# About this exercise
From the entries below, reproduce exactly the lines from the one with "日本 Kobe Lettuce - 俐落精緻深V修長連身洋裝-(可選長度)-黑" through the one with "Spodnie damskie bojówki", both included, without images.

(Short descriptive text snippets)
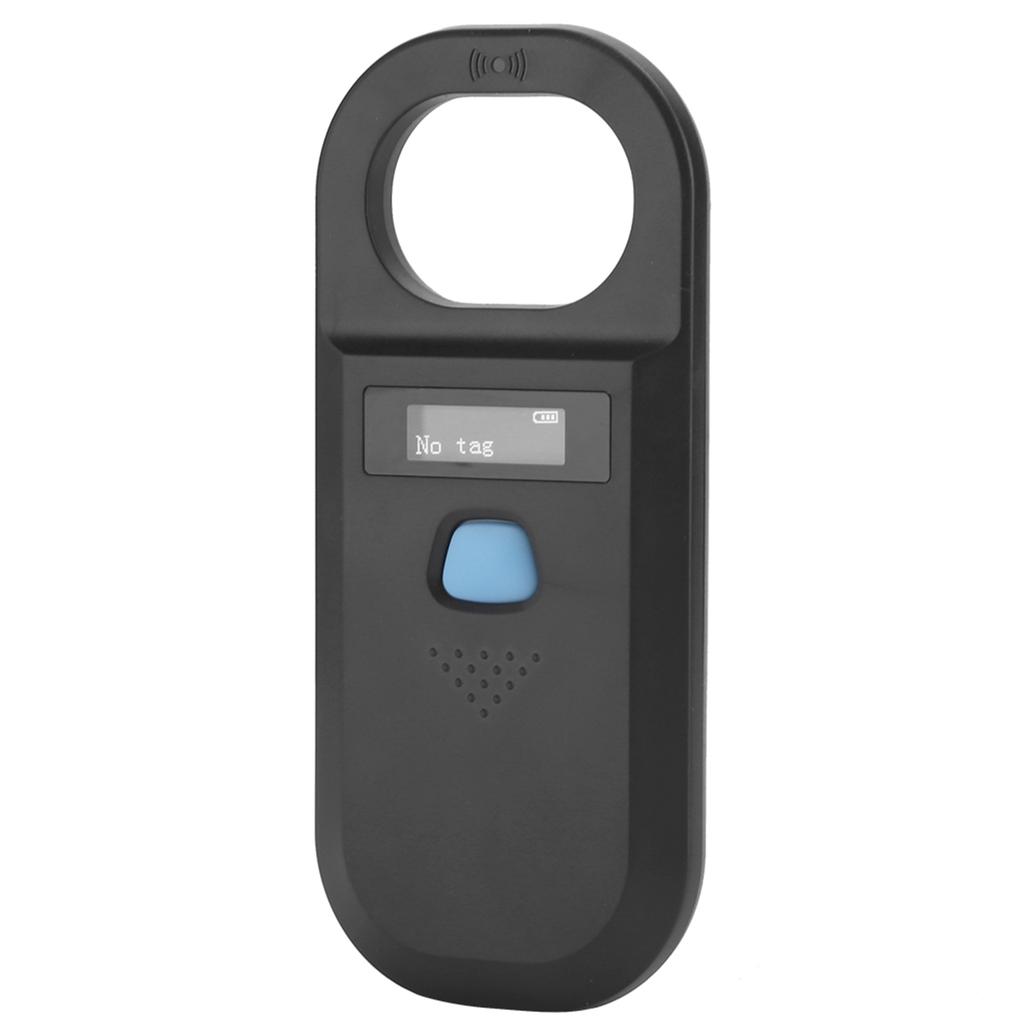 Animal Tag Reader Pet Supplies Portable Chip Scanner OLED Screen Handheld High Brightness(Black )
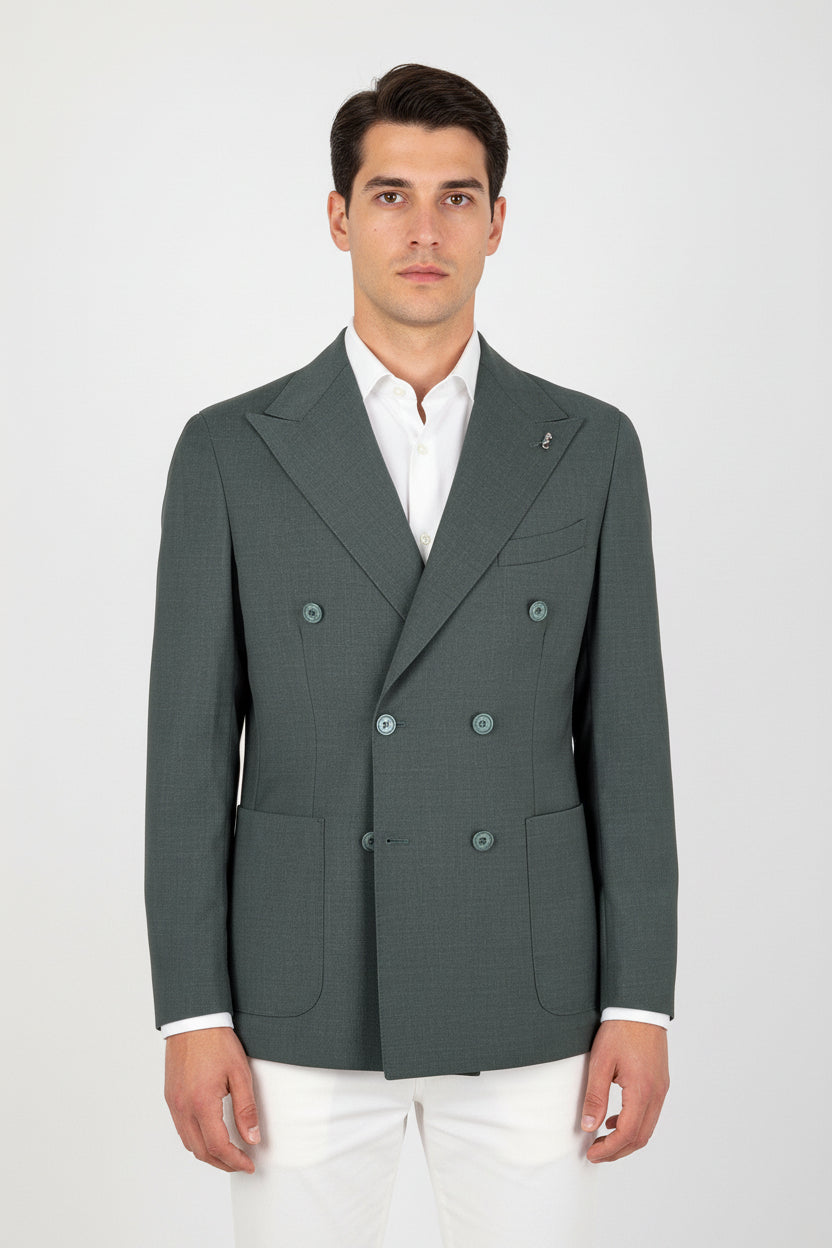 Giacca doppiopetto fresco lana verde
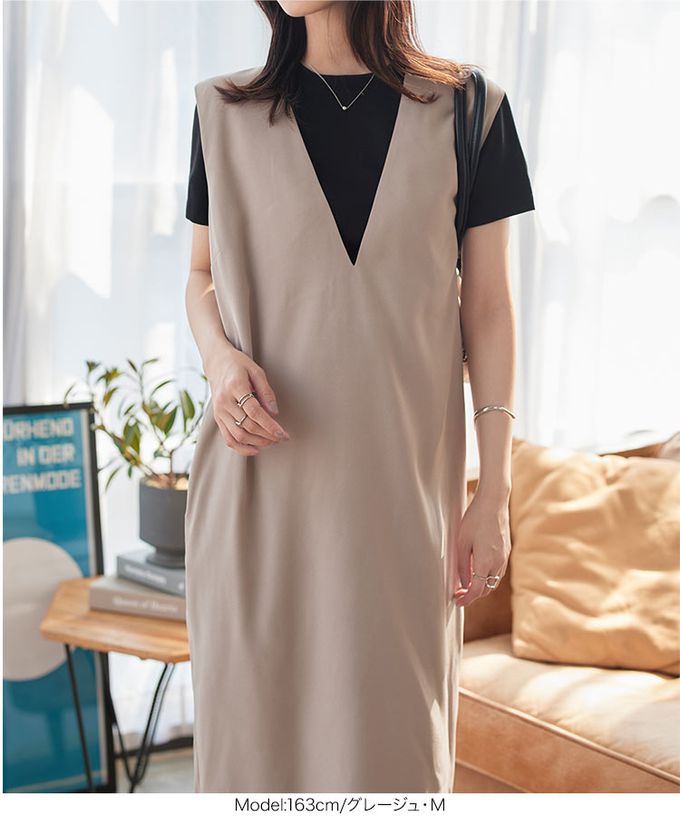 日本 Kobe Lettuce - 俐落精緻深V修長連身洋裝-(可選長度)-黑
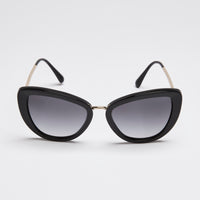 Pre-Loved Chanel ™ Black and Gold Cat-Eye Sunglasses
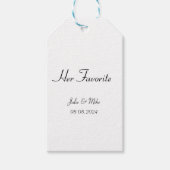 Haar favoriete huwelijksgunst cadeaulabel (Voorkant)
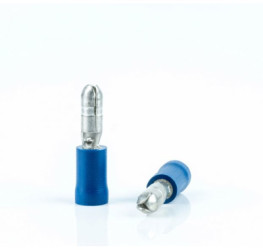 Round plug, Ø 4 mm, insulated, straight, blue, 1.5-2.5 mm², AWG 16-14, BYB-4-07F5033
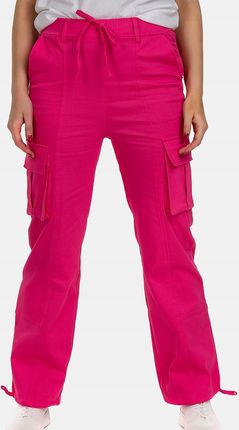 Spodnie damskie bojówki cargo kieszenie bawełniane modne różowe M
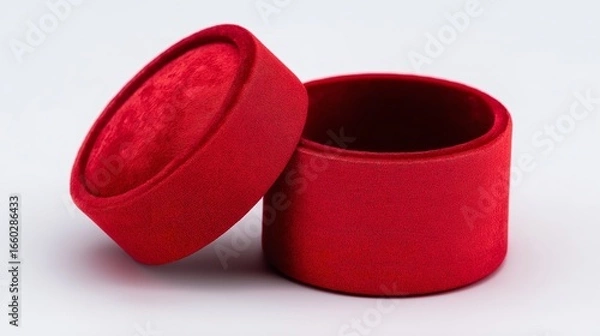 Fototapeta Awaiting a precious gift in an open vibrant red velvet round jewelry box reflecting the promise and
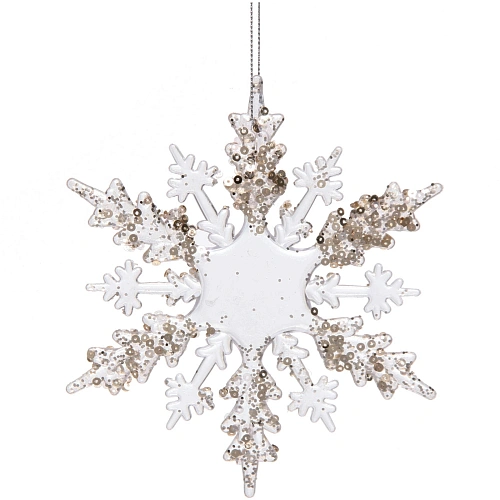 Подвеска Волшебный снегопад 13,5 см, БелыйЗолотой блеск_3
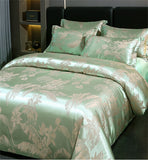 Luxury Satin Jacquard Duvet Cover Set Nordic Double Bed Quilt Cover Bedding Set Adlut Pillowcases Sheet Queen King Home Textiles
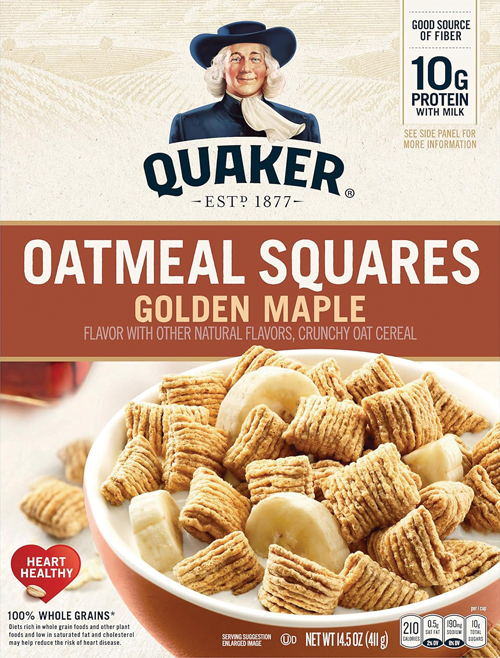 Quaker Oatmeal Squares cereal with banana slices.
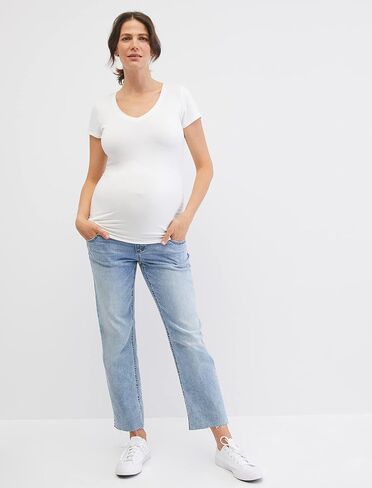 Motherhood Maternity Women's Stretch Secret Fit Over The Belly Straight Leg Pregnancy Jeans in Kuwait
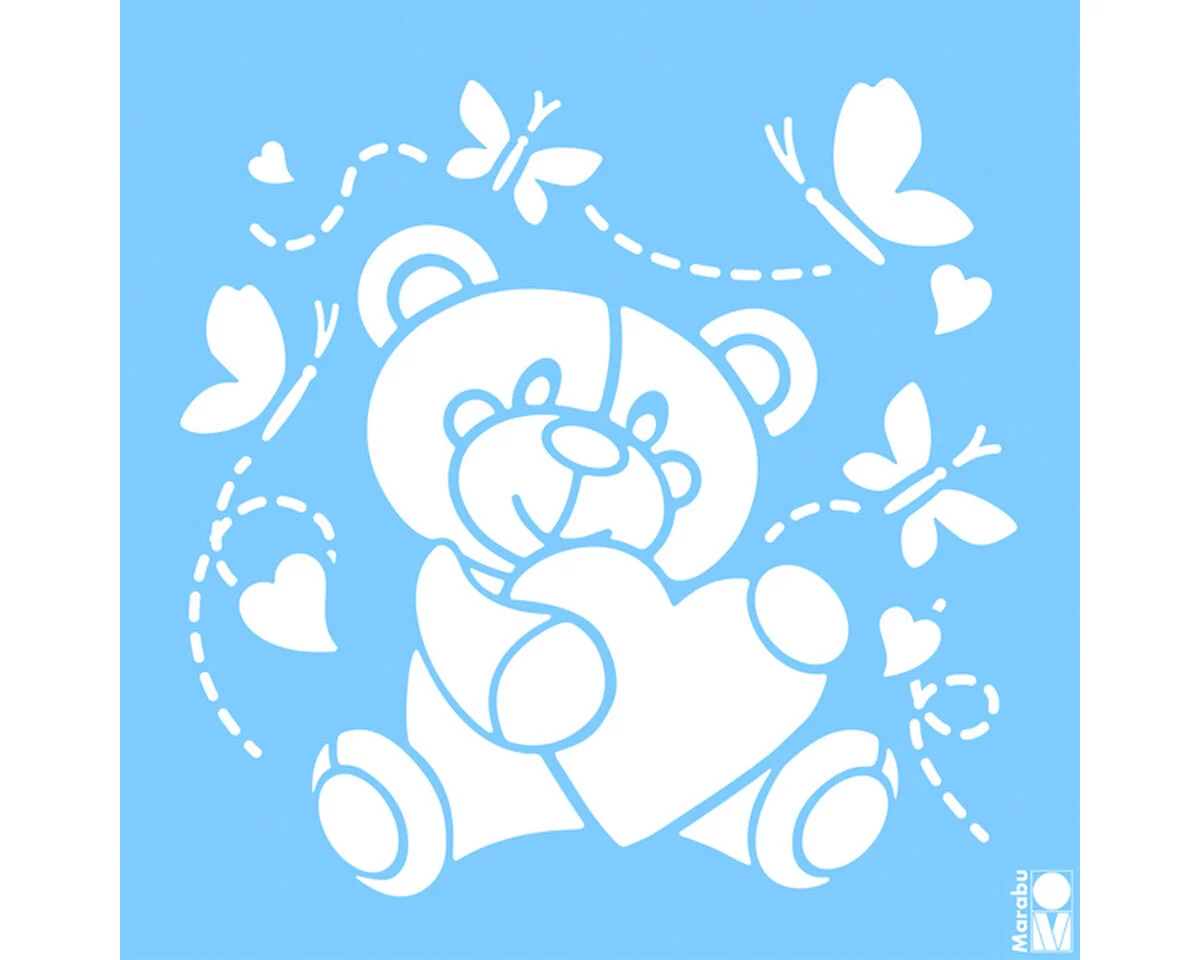Schablone BABY BEAR, kleines Bärchen, 33 x 33 cm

# Solution to this problem
 日本 Kobe Lettuce - 俐落精緻深V修長連身洋裝-(可選長度)-黑
 Pre-Loved Chanel ™ Black and Gold Cat-Eye Sunglasses
 Haar favoriete huwelijksgunst cadeaulabel (Voorkant)
 Round plug, Ø 4 mm, insulated, straight, blue, 1.5-2.5 mm², AWG 16-14, BYB-4-07F5033
 Spodnie damskie bojówki cargo kieszenie bawełniane modne różowe M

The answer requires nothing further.